My introduction to this niche genre probably came from Enid Blyton’s Malory Towers and St. Clare’s books, where good characters get their rewards, and bad ones their comeuppance. Darrell Rivers influenced me hugely as a child with a temper that I couldn’t always control, and she remains one of my favourite fictional characters. Not long afterwards, a friend bought me a book simply because it was on sale and she knew I loved to read. That book was A Problem for the Chalet School by Elinor M. Brent-Dyer, and it sent me on a still-not-quite-completed quest to own the entire series.
The quest has not been without its complications.
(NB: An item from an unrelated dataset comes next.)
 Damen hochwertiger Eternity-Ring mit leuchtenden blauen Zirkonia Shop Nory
The book series, as I encountered it, consisted of 62 books, and it turned out that many of these had been edited for paperback publication. I then learned that there were actually only 58 books, but some titles had been split in two for paperback publication. As I scoured second-hand bookshops and the internet (a trickier proposition at the time!), I discovered that although the Chalet School series had been in more or less continuous print since 1925, not every title had been republished in every print cycle. In other words, there were titles that were almost impossible to find, especially if you were looking for the original, unedited texts. And then there were the connecting titles, many of which had never be republished at all.
In 2000, a group of Brent-Dyer fans decided to republish the La Rochelle series which had direct links to the Chalet School books, and had been out of print for decades. On the back of their success with this, they established Girls Gone By Publishing (GGBP), an independent publishing house which aimed to reprint Brent-Dyer’s works, and the works of other forgotten Girls’ Own authors. Thanks to their efforts, I’ve read some truly wonderful books that I would otherwise never have come across. But, and this is where the Things I Want title comes into play, it’s 2016 and they still haven’t published the entirety of the Chalet School series.
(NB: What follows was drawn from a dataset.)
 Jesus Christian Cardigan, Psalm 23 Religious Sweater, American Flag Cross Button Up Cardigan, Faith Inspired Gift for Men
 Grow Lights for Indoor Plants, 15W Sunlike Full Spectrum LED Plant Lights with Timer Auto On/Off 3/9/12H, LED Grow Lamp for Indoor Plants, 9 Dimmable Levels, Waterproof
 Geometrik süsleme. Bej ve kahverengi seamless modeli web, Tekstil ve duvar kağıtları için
Now I get that it’s their company, and I’m grateful to them for being so passionate about something I love, but 16 years later, I just really want the whole series in this one format, unedited and with original illustrations included. It’s selfish, but I want it! Part of what frustrates me is that GGBP have republished several of the rarer Chalet School titles more than once. That’s clearly due to demand, but it means that the titles that are commonly available keep dropping to the bottom of the publication schedule, making me wonder if I’ll ever own the entire, unedited series.
So there you have it. The (Selfish) Things I Want.